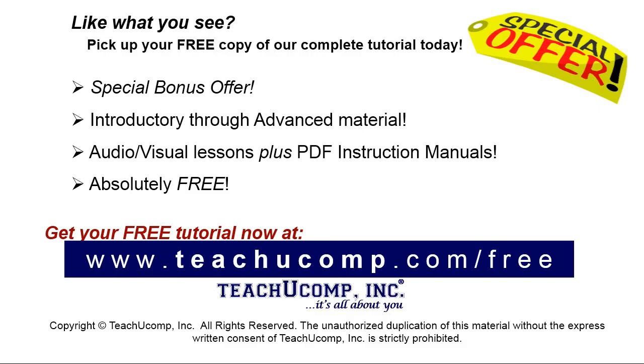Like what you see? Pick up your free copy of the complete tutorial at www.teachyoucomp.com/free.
==
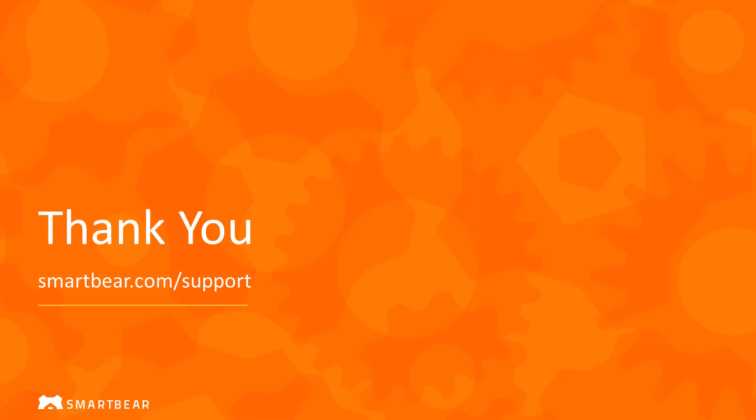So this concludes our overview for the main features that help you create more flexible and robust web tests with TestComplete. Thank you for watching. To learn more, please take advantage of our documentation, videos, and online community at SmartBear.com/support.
==
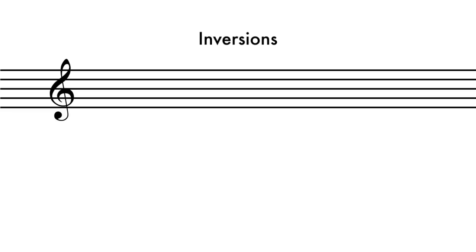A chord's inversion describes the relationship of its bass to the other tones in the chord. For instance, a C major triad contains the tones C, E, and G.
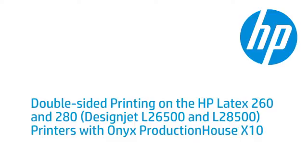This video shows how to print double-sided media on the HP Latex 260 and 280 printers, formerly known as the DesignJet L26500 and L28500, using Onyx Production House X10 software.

**WHAT IS BEING ASKED:** Given the listing above, retype only the span of lines from the line with "A chord's inversion" up to and including the line with "This video shows", exactly as it stands and without pictures.

**WRITTEN REPLY:**
A chord's inversion describes the relationship of its bass to the other tones in the chord. For instance, a C major triad contains the tones C, E, and G.
This video shows how to print double-sided media on the HP Latex 260 and 280 printers, formerly known as the DesignJet L26500 and L28500, using Onyx Production House X10 software.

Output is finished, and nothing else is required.